[Opening Data shown section]
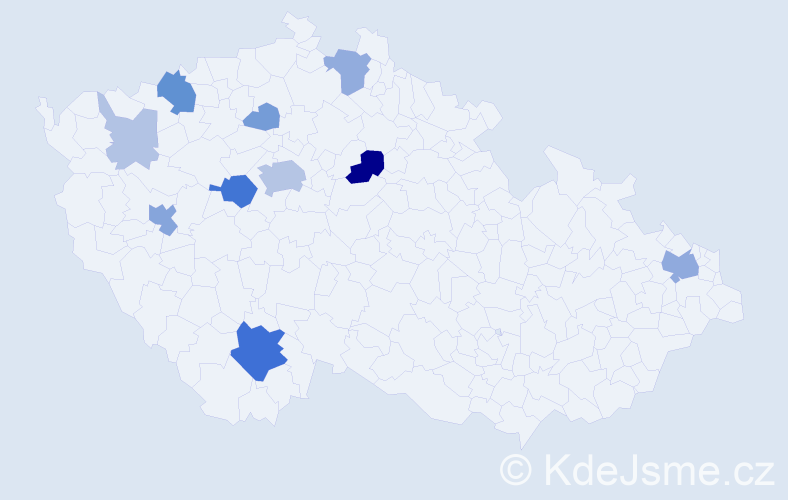 Příjmení: 'Pachner', počet výskytů 34 v celé ČR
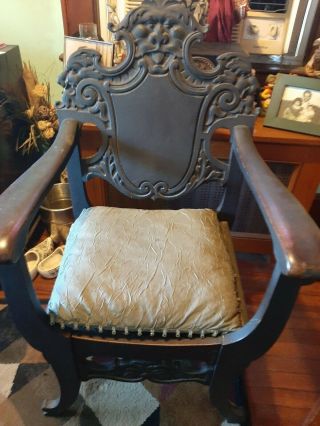 Irish Throne Chair Carved Lions Mahogany Wood Year Unknown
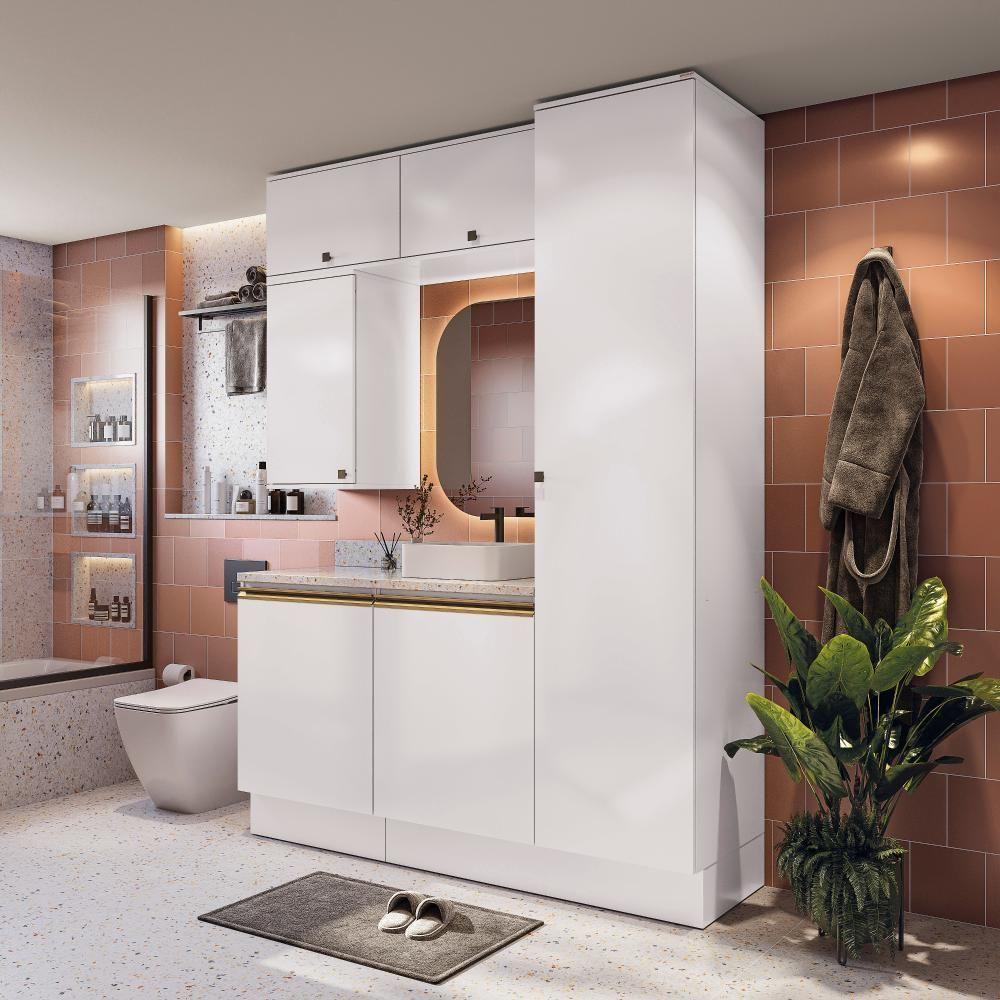 Conjunto Para Banheiro Kappesberg Celeste 6 Peças Branco 170cm - 1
[Closing Data shown section]
Give the data back exactly, omitting all pictures.

 Příjmení: 'Pachner', počet výskytů 34 v celé ČR
 Irish Throne Chair Carved Lions Mahogany Wood Year Unknown
 Conjunto Para Banheiro Kappesberg Celeste 6 Peças Branco 170cm - 1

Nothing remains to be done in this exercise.